> **Instructions for the task**
Quote the lines of the data below verbatim, beginning at the line that contains "(Hàng Mới Về)" and ending at the last line, both included, and excluding pictures.

> **Extracted records**

____

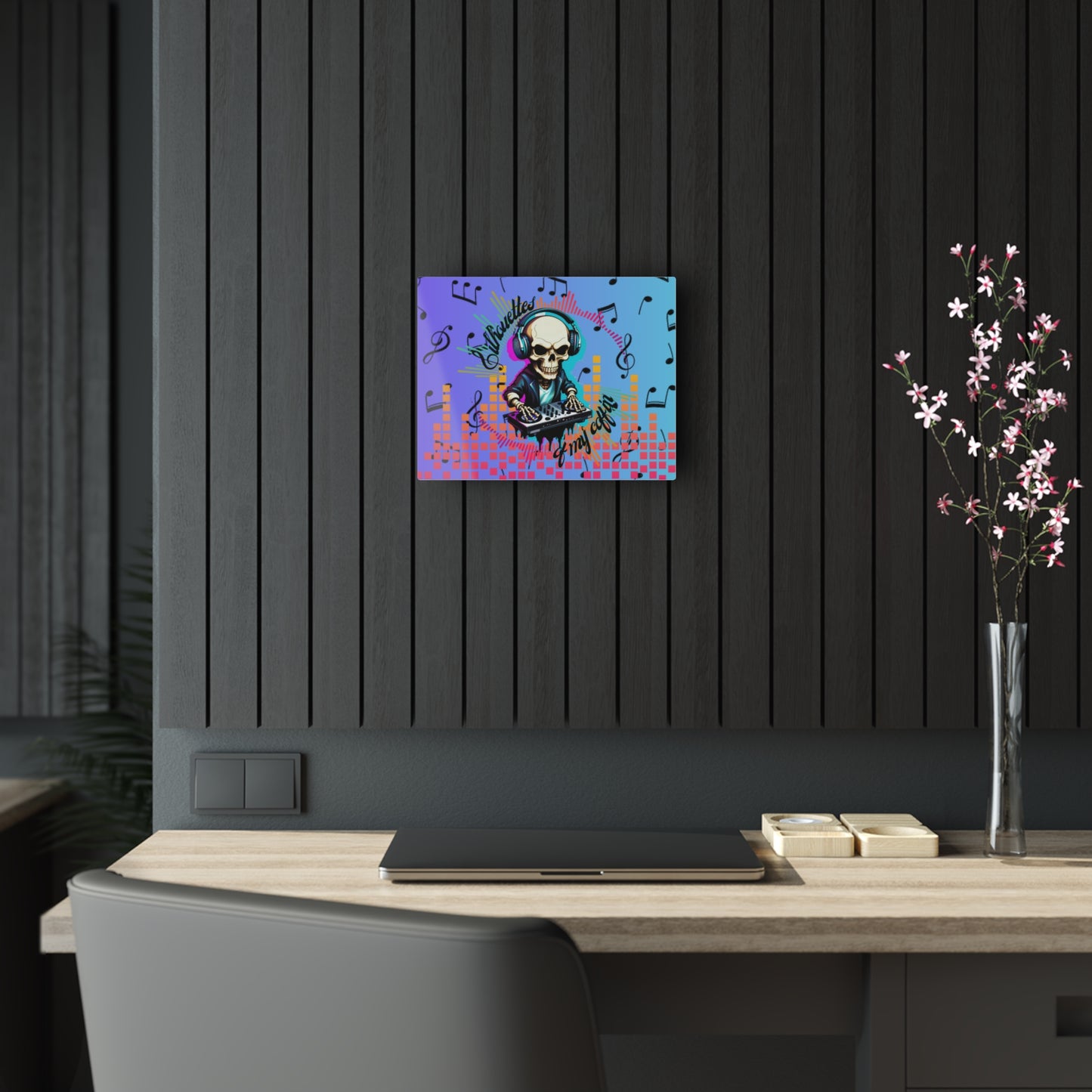 OMNI™ Silhouettes Of My Coffin Acrylic Prints (2nd Edition)
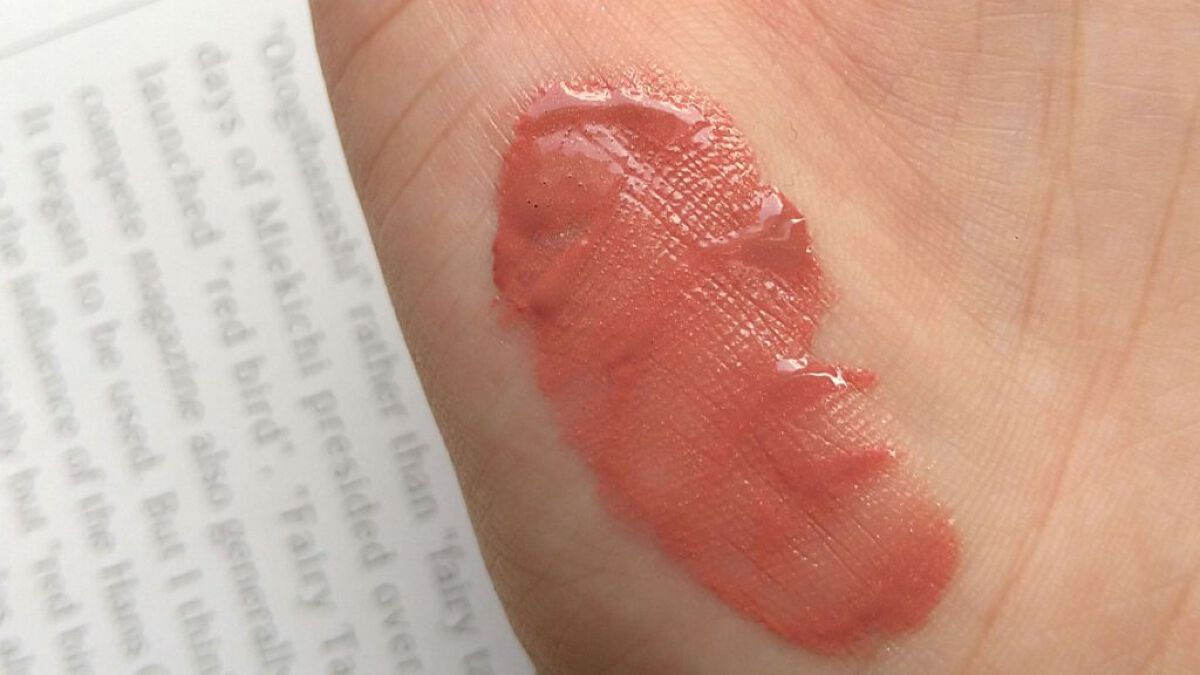 カラーステイ サテン インク/REVLON/口紅を使ったクチコミ（2枚目）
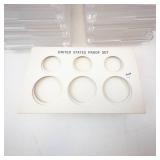 1 Bag of vintage Capital plastic coin holders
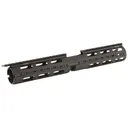Leapers, Inc. - UTG Handguard, Fits AR Rifles, 15 in Super Slim Drop-in, Black, Includes two 2-Slot and two 4-Slot rail sections MTU015SS - Leapers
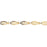 14k Yellow Gold IXOY Jesus Fish Bracelet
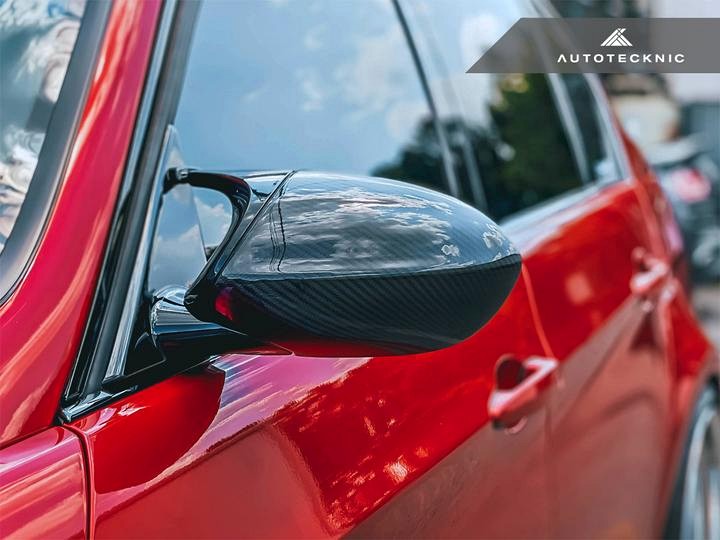 AutoTecknic Replacement Version II Dry Carbon Mirror Covers for E9X M3 | E82 1M - Image 10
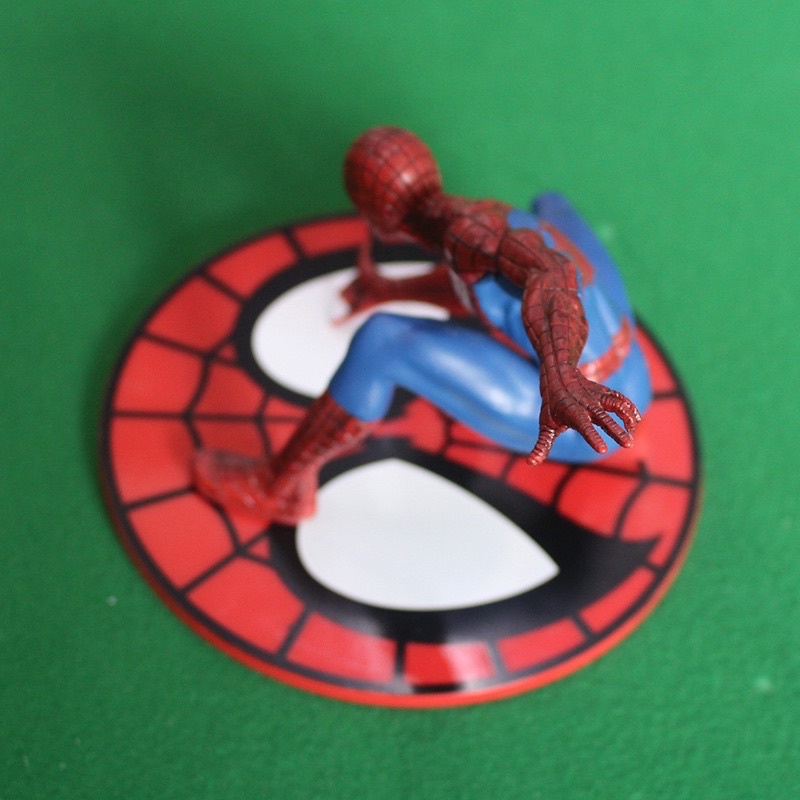 Mô hình người nhện Spider man- Người khổng lồ xanh Hulk - Siêu anh hùng The Avengers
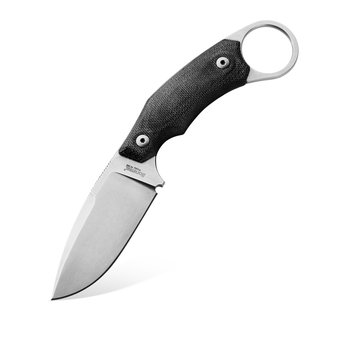 Nóż LionSTEEL H2 Stone Washed M390 Black G10 - LionSteel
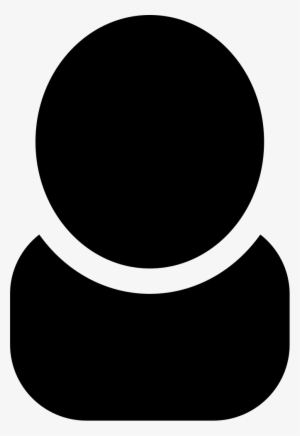 Black User Png Icon - Clip Art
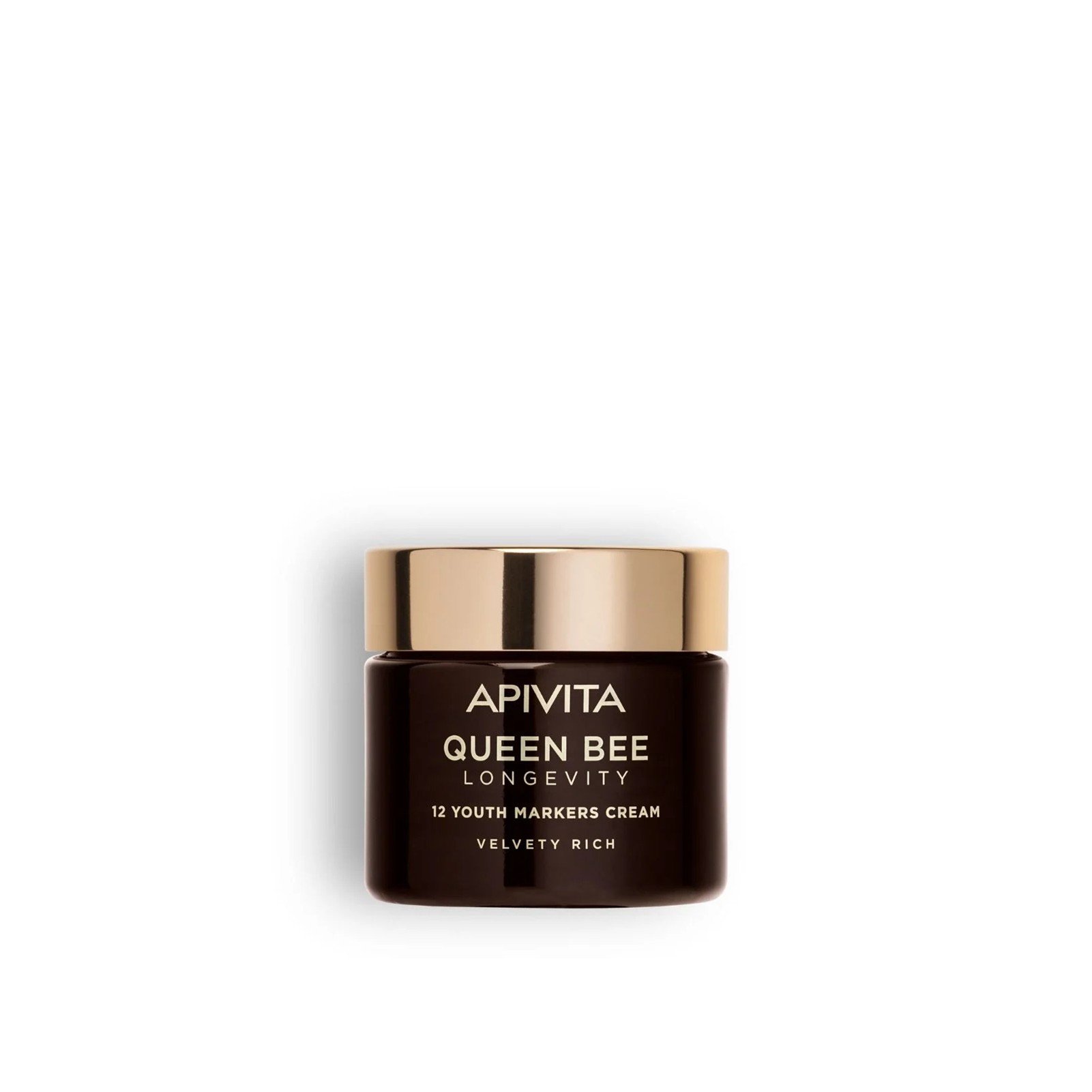 APIVITA Queen Bee Longevity 12 Jugendmarker Samtig Reichhaltige Creme 50ml: Produktbild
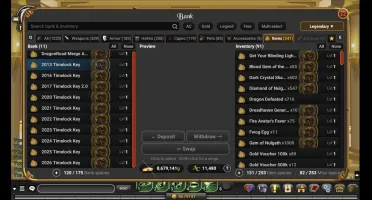 Conta aqw muito rara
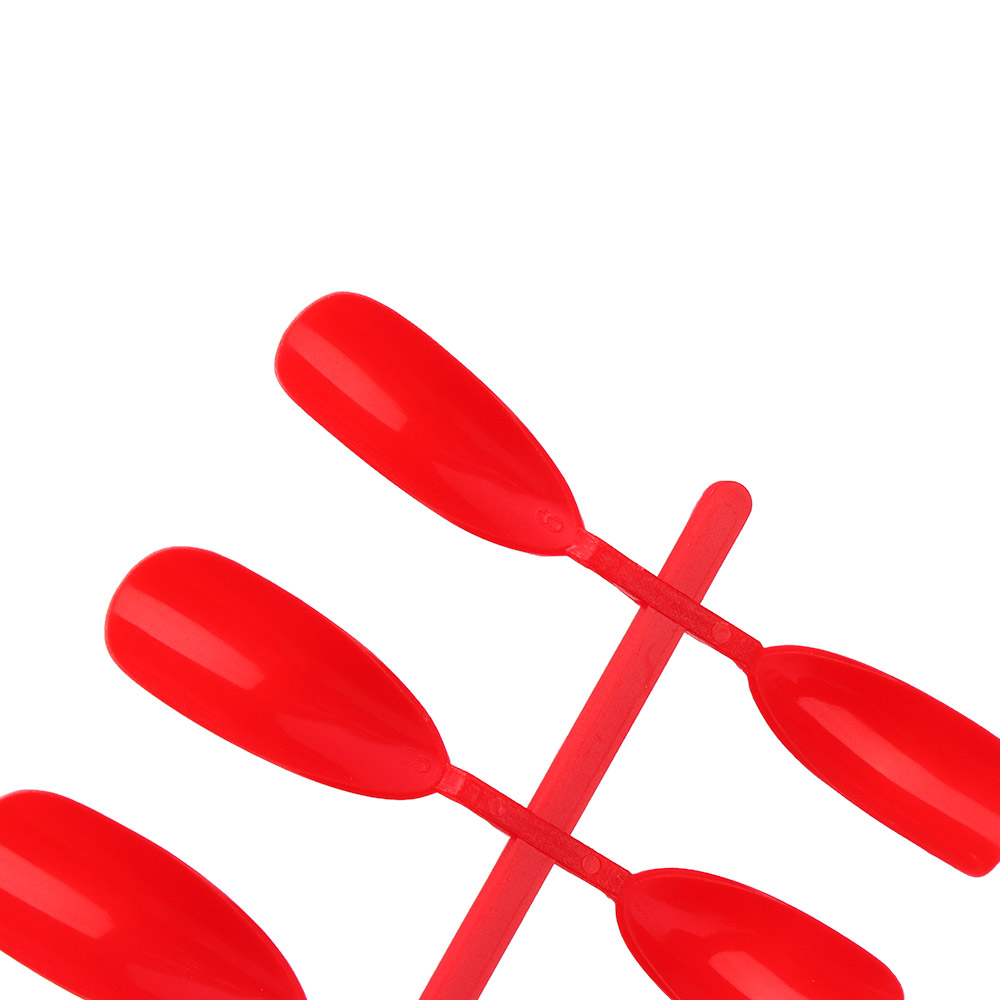 (Hàng Mới Về) Móng Tay Giả Màu Trơn Thời Trang Cho Nữ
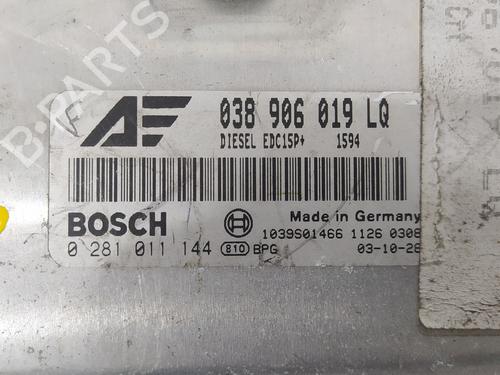 Engine control unit (ECU) SEAT ALHAMBRA (7V8, 7V9)  | BP8381605M57 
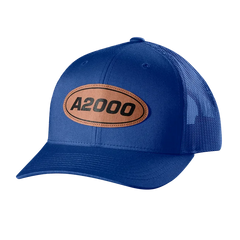 Wilson A2000 Leather Patch Snapback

____

> **Completed task**
 (Hàng Mới Về) Móng Tay Giả Màu Trơn Thời Trang Cho Nữ
 Engine control unit (ECU) SEAT ALHAMBRA (7V8, 7V9)  | BP8381605M57 
 Wilson A2000 Leather Patch Snapback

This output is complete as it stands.